The Boston Globe’s Bob Ryan catches a lot of grief, occasionally deserved, and sometimes not. And on other times, he’s uncommonly sensible while his peers are in hysterics, particularly where “the sanctity of the record book,” is concerned

I love baseball more than any other sport or human entertainment activity, and part of the fun for the serious fan is discussion and analysis of the famous numbers. If 4,256, 4,191, 2,632, 2,130, 511, 755, 714, and 56 mean nothing to you, then I submit you are not a serious fan.But revering the numbers helps perpetuate the myth that baseball is timeless. It is not. The framework of the game is, but the inner workings are not. We’ve got to be grown-up about this. As much as we love to compare the numbers in the hope of pretending that baseball is baseball is baseball, it is not.

The games being played all over the country today will look very much like the games that were played 30, 50, or 100 years ago, but they will not be played with the same equipment, or under the same conditions, or even with the same mind-set.

What about that dead ball? How many more home runs would Ruth have hit in 1916, 1917, 1918, and 1919 were he hitting the same ball he was swinging at in 1920, when he increased his own record from 29 to 54 in the first year of the so-called lively ball? And we won’t even get into the pitching business. Were the Babe a full-time outfielder from Day 1, would he have hit 20 more homers? 50? More? No one knows. What we do know is that when you add these mythical homers to the 714 he did hit, Aaron would be No. 2.

Oops, but wait a minute. There were many great pitchers out there the Babe never had to face, people of color being barred from the big leagues. I have a feeling Satchel Paige would have whiffed the Bambino every now and then. So multiply that one a few times over.

Where were we? Did I mention the 296 feet and very low fence in Yankee Stadium, a.k.a. The House That Ruth Built? Or did I mention that Ruth’s home field from 1920-22 was the Polo Grounds, which was 257 feet to right (before sloping off dramatically)? And did you know that in the ’20s, a ball that bounced into the stands was ruled a home run, not a ground rule double? Does anyone know how that affected Ruth’s total? The answer is no.

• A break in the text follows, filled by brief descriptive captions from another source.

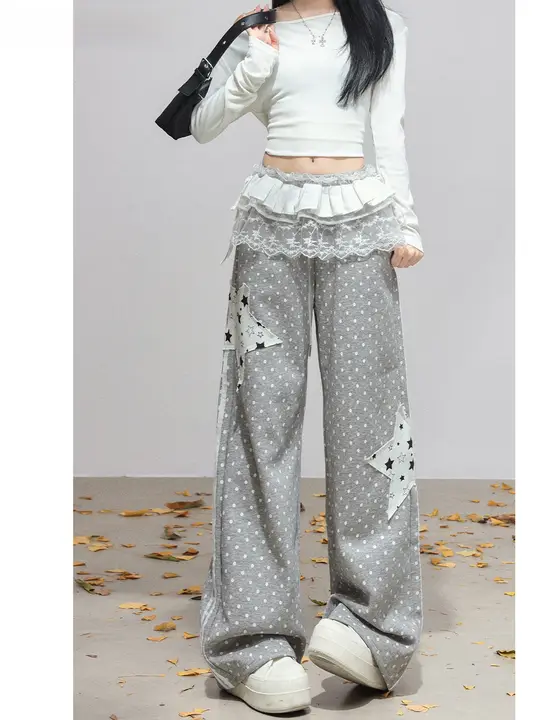 ドット柄と星のアップリケが可愛いカジュアルパンツ【レースと合皮・ゆったりストレート】（セットアップ対応）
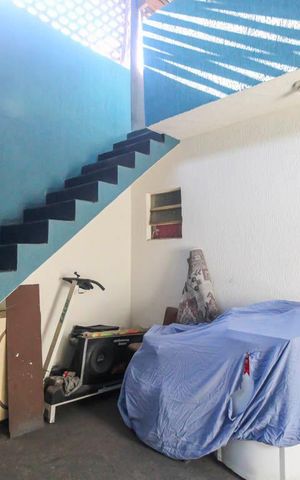Casa à venda com 237m², 4 quartos e 2 vagas Casa à venda com 237m², 4 quartos e 2 vagasÁrea de Serviço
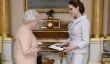 Angelina Jolie reçoit le prix «Dame d'honneur» de la reine Elizabeth II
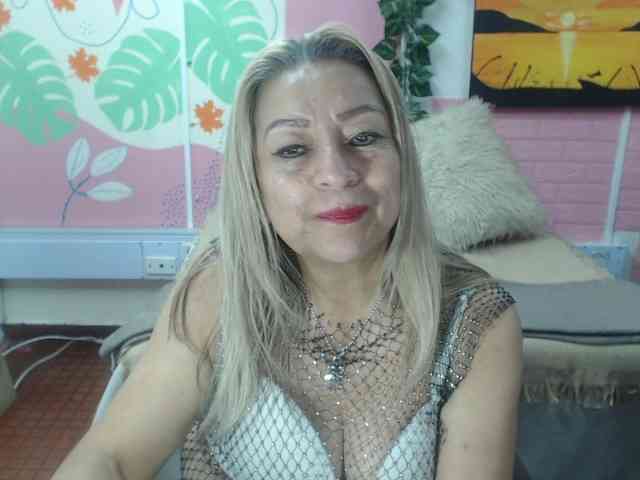 valeria-sexy webcam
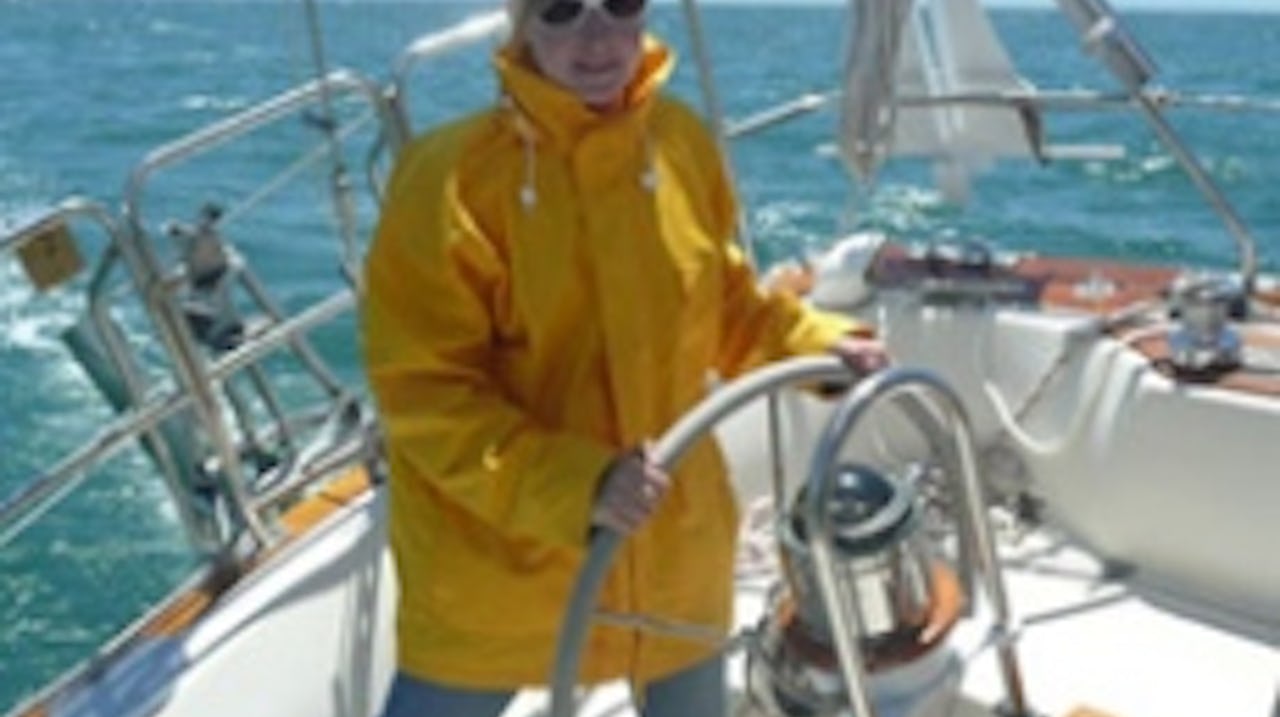 Ensamma 16-åringar försöker bli först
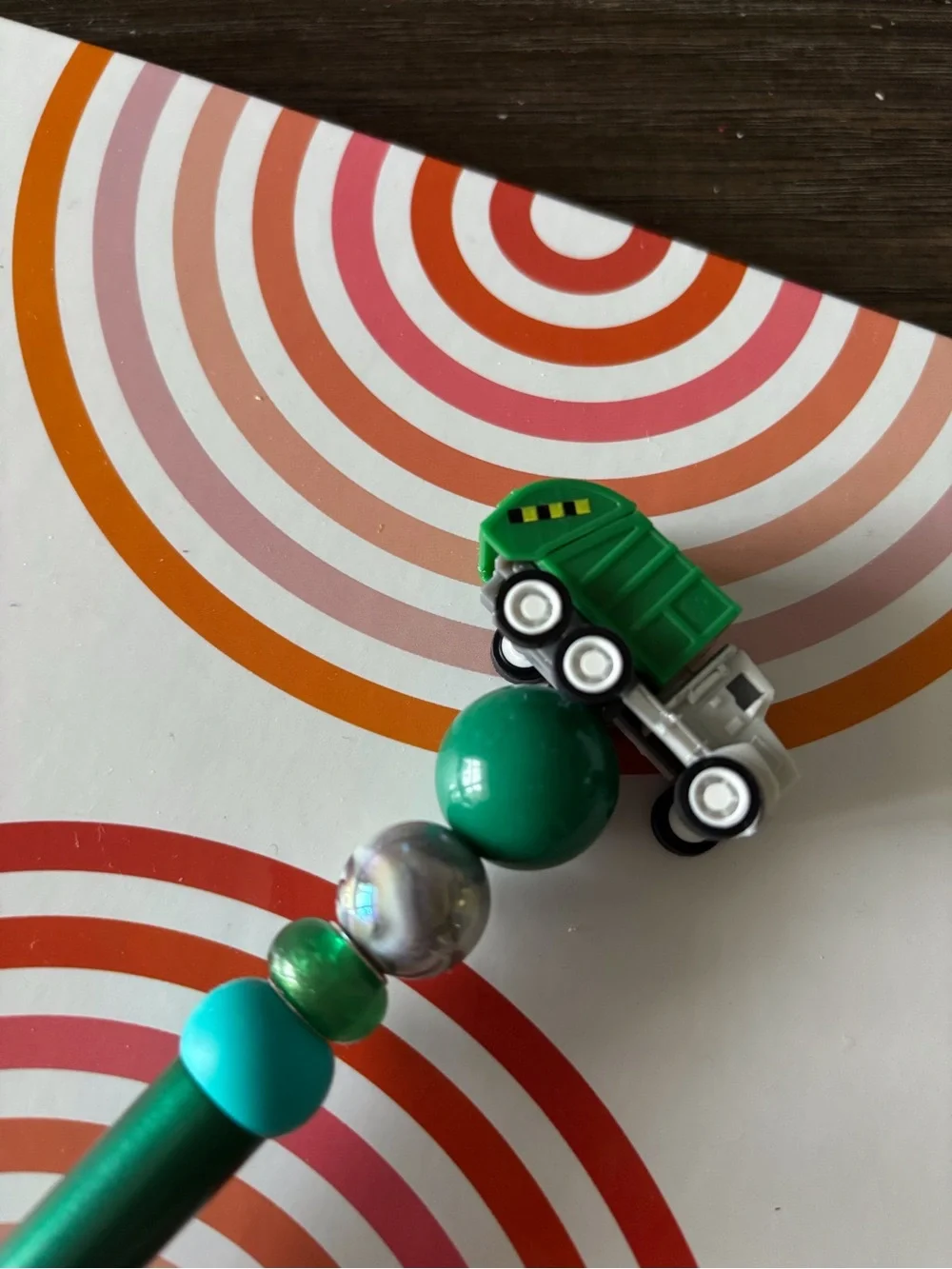 Large Trucks: Garbage Truck Handmade Beaded Pen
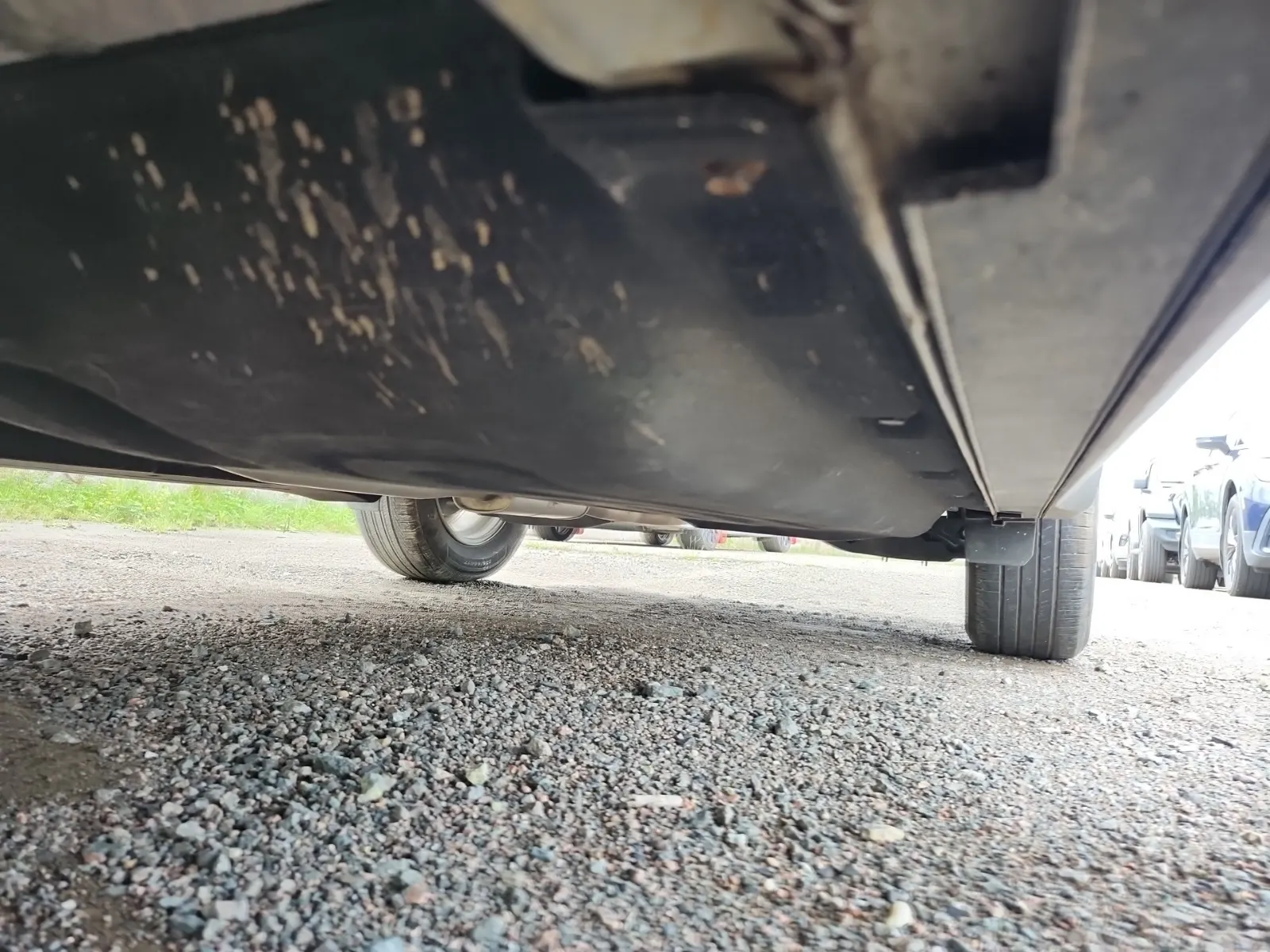 Undercarriage - Driver Photo
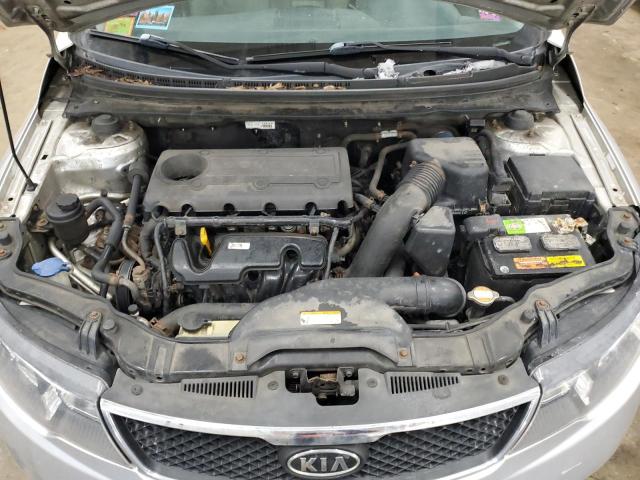 Photo 11 from auction – 2010 KIA FORTE EX with VIN KNAFU4A2XA5167862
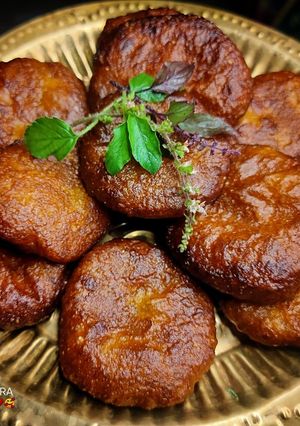 आरिशा पीठा (arisa pitha recipe in Hindi) रेसिपी मुख्य फोटो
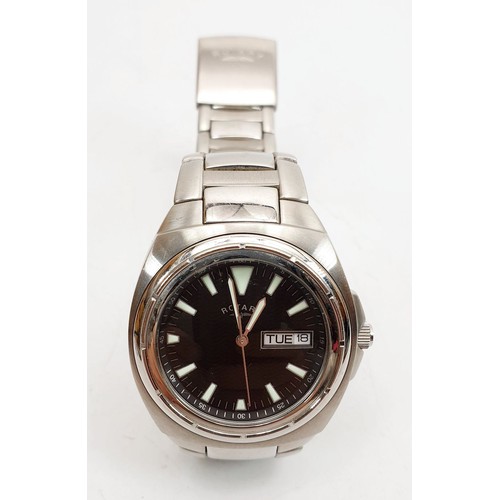 466 - A gentleman's stainless steel Rotary quartz wrist watch 11142, working order. UK shipping £14.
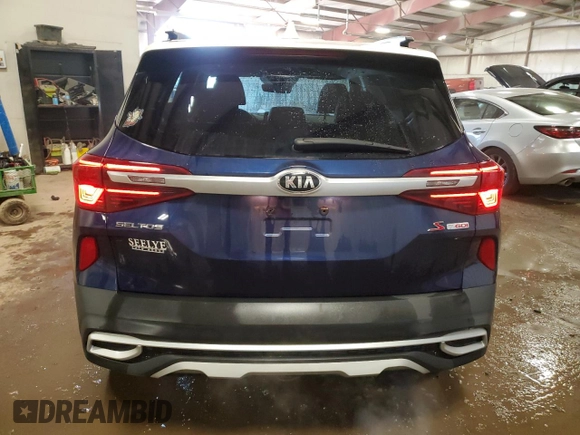 2021 Kia Seltos S with VIN KNDEUCA26M7129076, listed as a Copart auction lot 50740645 with 36,177 mi miles and Salvage Title. Bid and sale history available at carsss.com. Image 6.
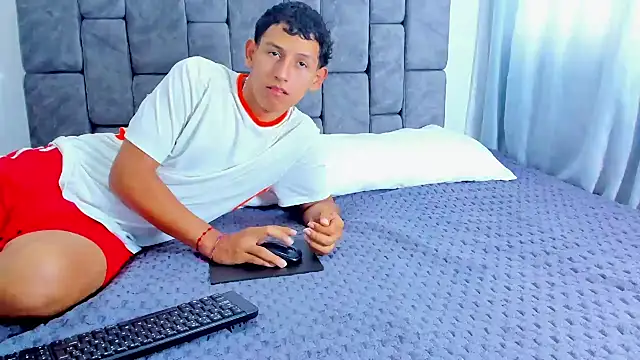 Felipe Gonzales online show from October 2025 12:37:02 PM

I could give a thousand examples. Batting records, pitching records, and, perhaps most of all, fielding records must be viewed in the proper context.

So let Barry do whatever it is he’s going to do. Babe Ruth hit 714 home runs in his times, under his conditions, both personal and general. The same goes for Hank Aaron and his 755. The circumstances have not been created equal. Barry Bonds will hold the record for home runs in his time, period.